THE PROBLEM: Pictures must not appear in the copy. Set down exactly the line with "Elazığ’da Korkutan Çatı Yangını" and each line after it through the end of the data below.
───── SUPPLIED DATA ─────
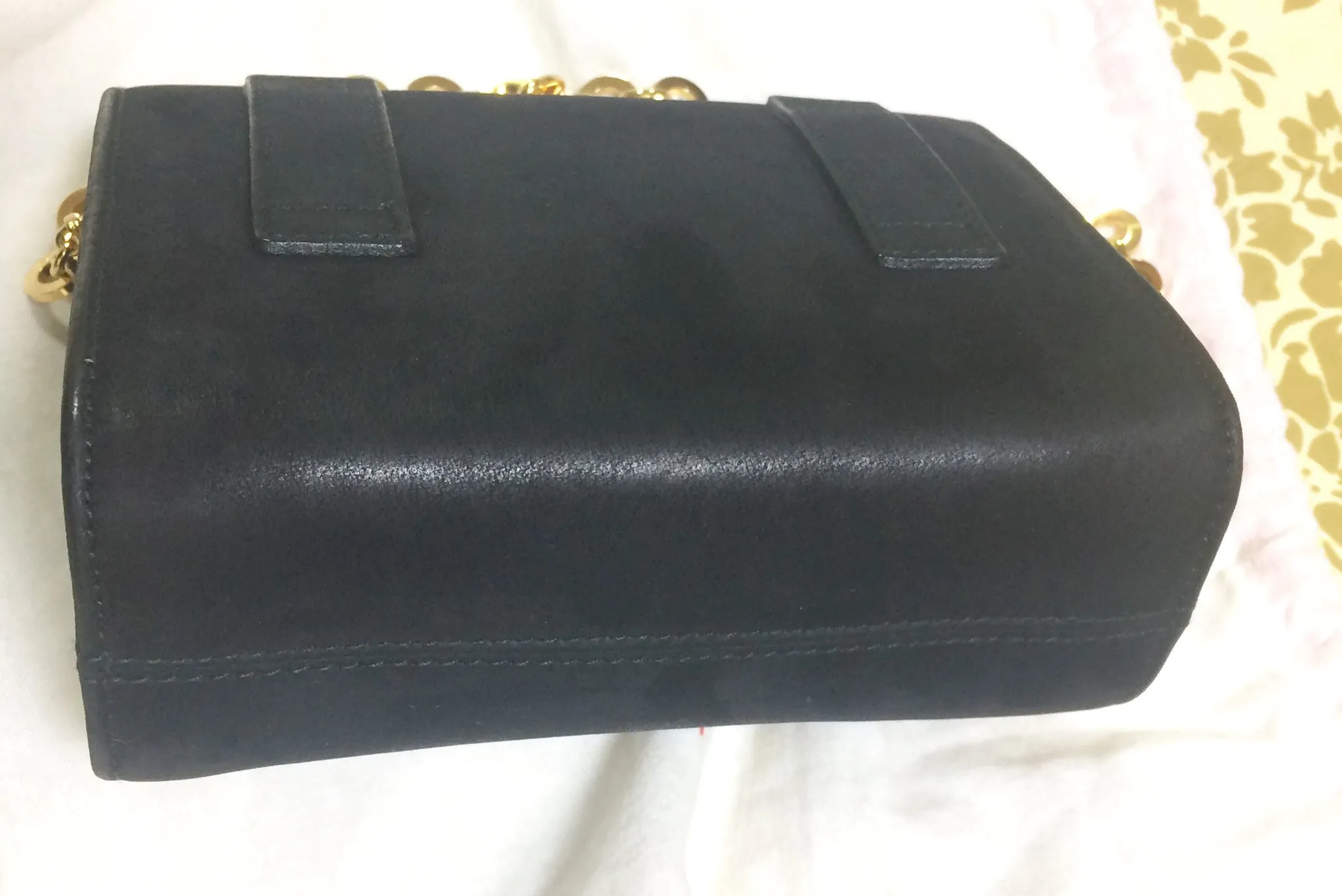 Vintage Salvatore Ferragamo black leather shoulder mini bag with golden chain and Vara bow motif. Clutch purse from Vara collection. R041011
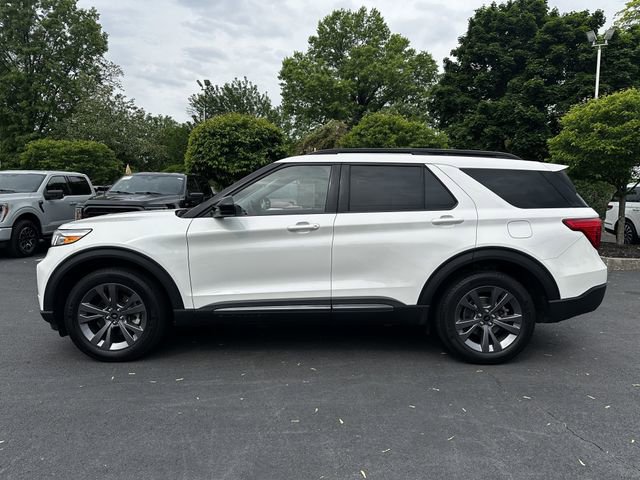 Certified 2022 Ford Explorer XLT w/ Equipment Group 202A AWD/4WD image 8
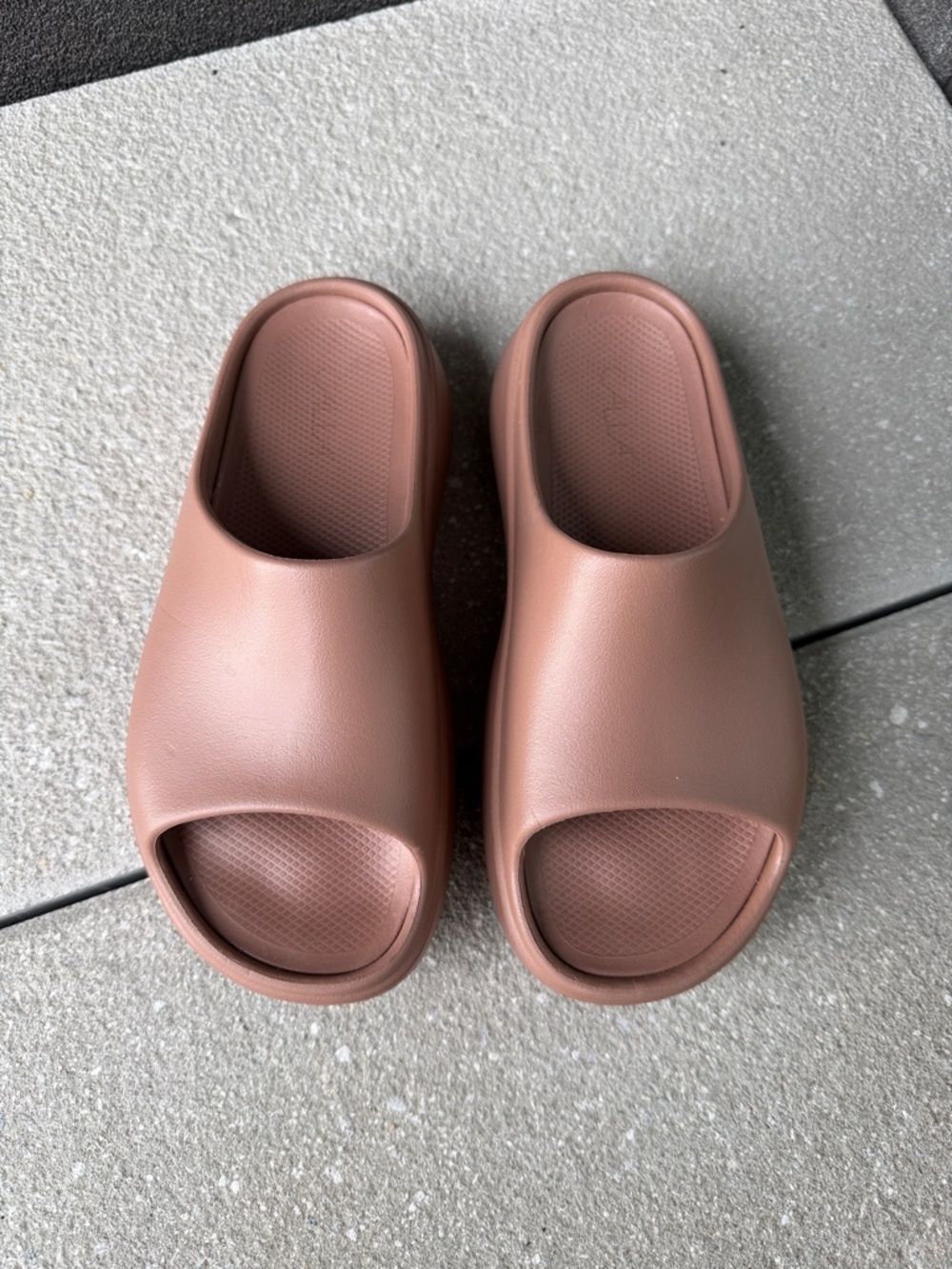 CALIA by Carrie Underwood Women's Slide Sandals in Dusty Rose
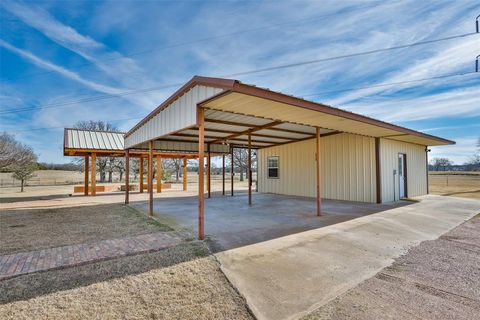 A home in Whitesboro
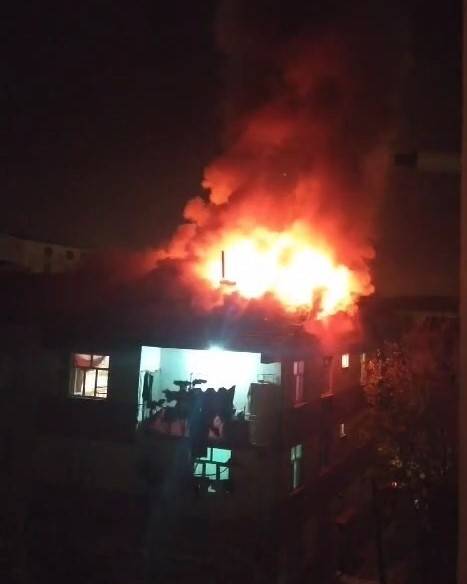Elazığ’da Korkutan Çatı Yangını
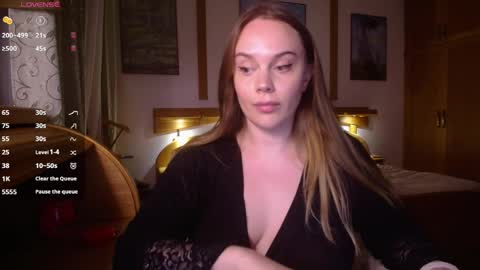 Lana online show from May 15, 7:32 pm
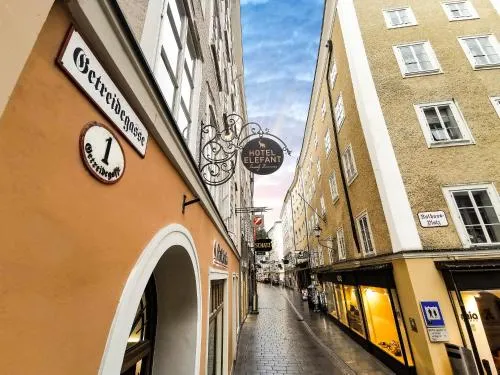 Hotel Elefant Family Business in Salzburg, Österreich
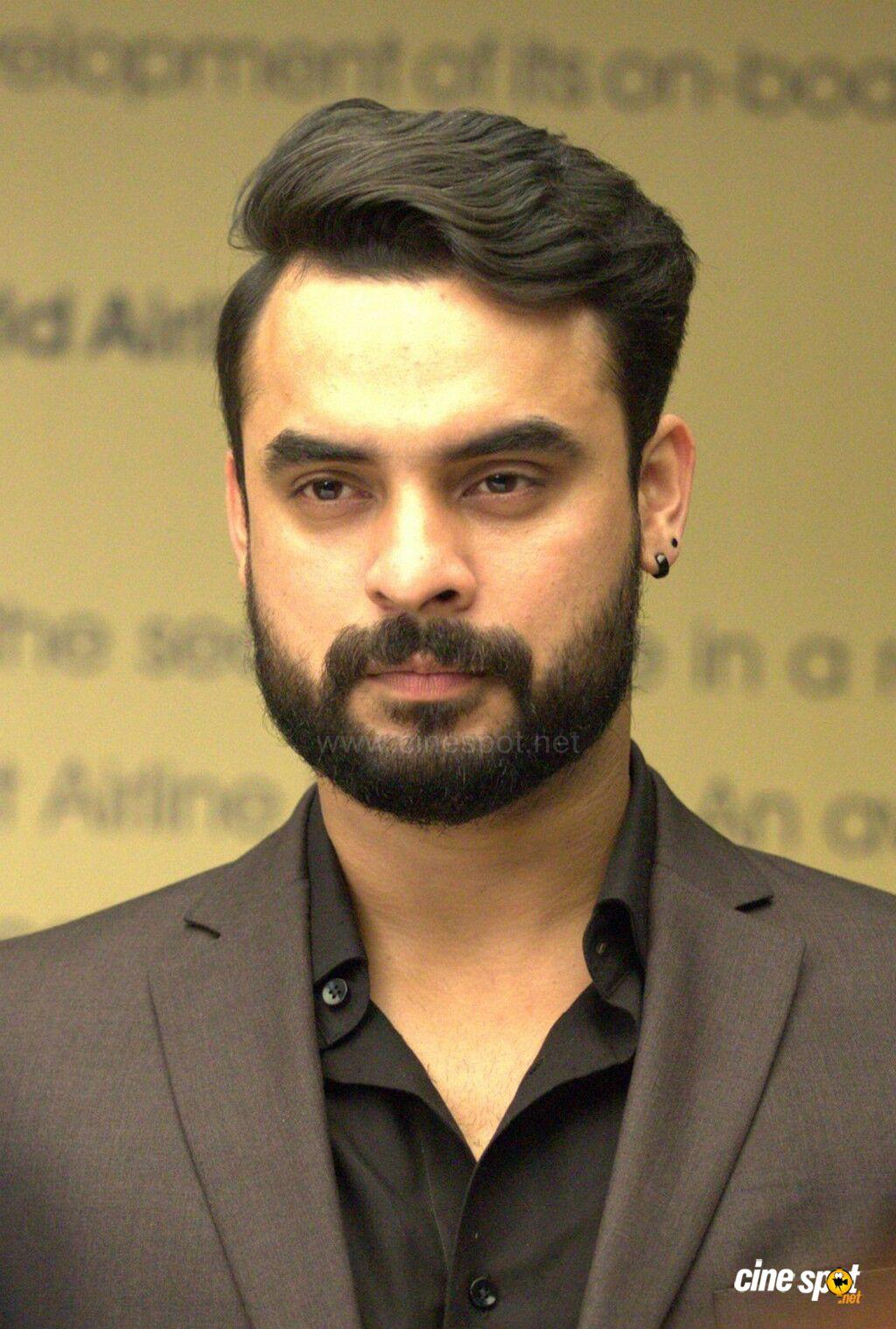Tovino Thomas dubs in Tamil for his Kollywood debut | Tamil Movie News -  Times of India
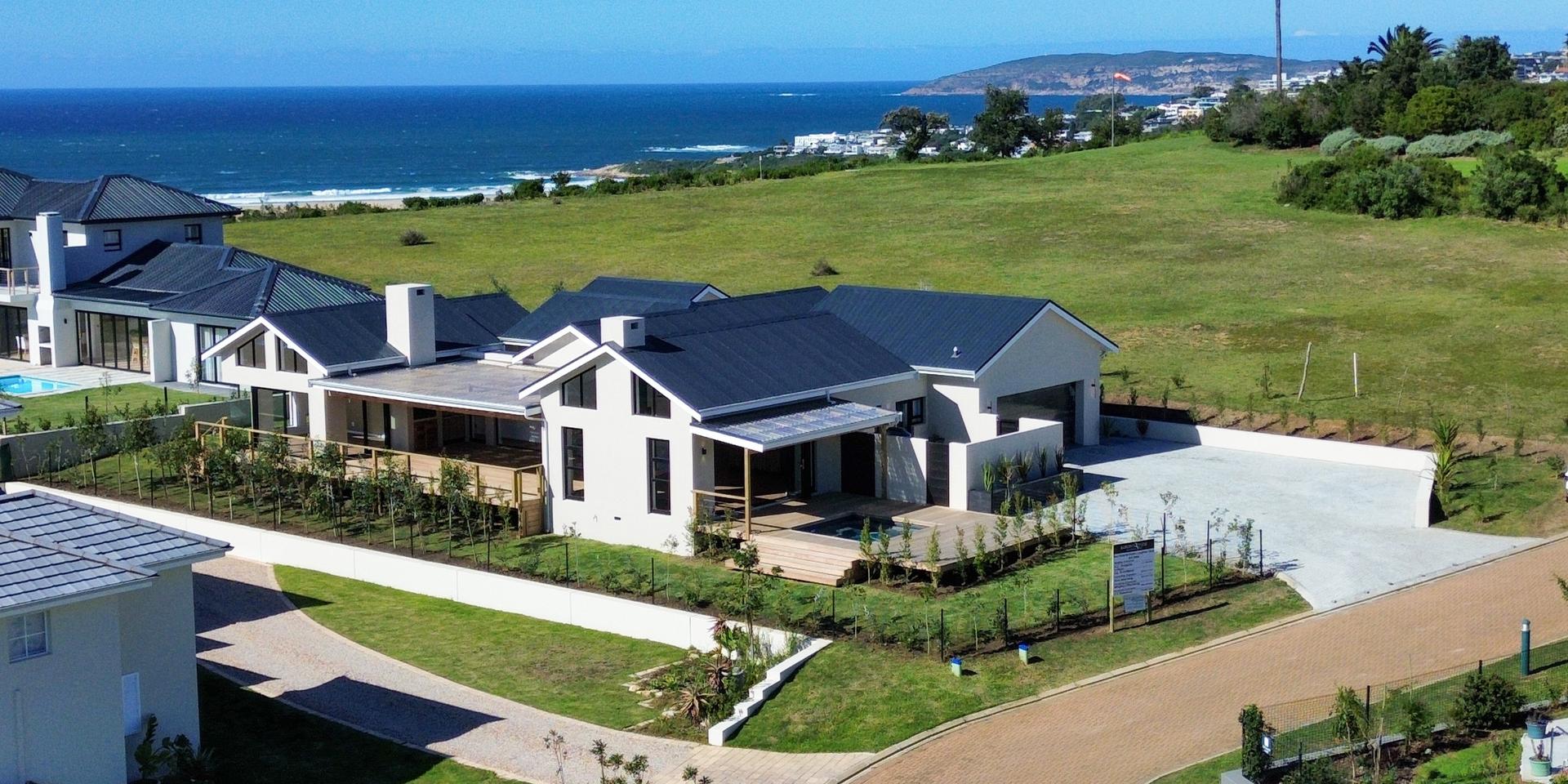 Image 2 of 6
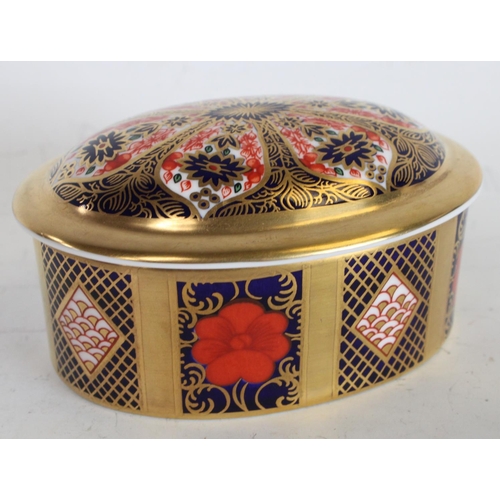 113 - A Royal Crown Derby 1128 pattern oval trinket box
─────
REPLY TO THE EXERCISE:
Elazığ’da Korkutan Çatı Yangını
 Lana online show from May 15, 7:32 pm
 Hotel Elefant Family Business in Salzburg, Österreich
Tovino Thomas dubs in Tamil for his Kollywood debut | Tamil Movie News -  Times of India
 Image 2 of 6
 113 - A Royal Crown Derby 1128 pattern oval trinket box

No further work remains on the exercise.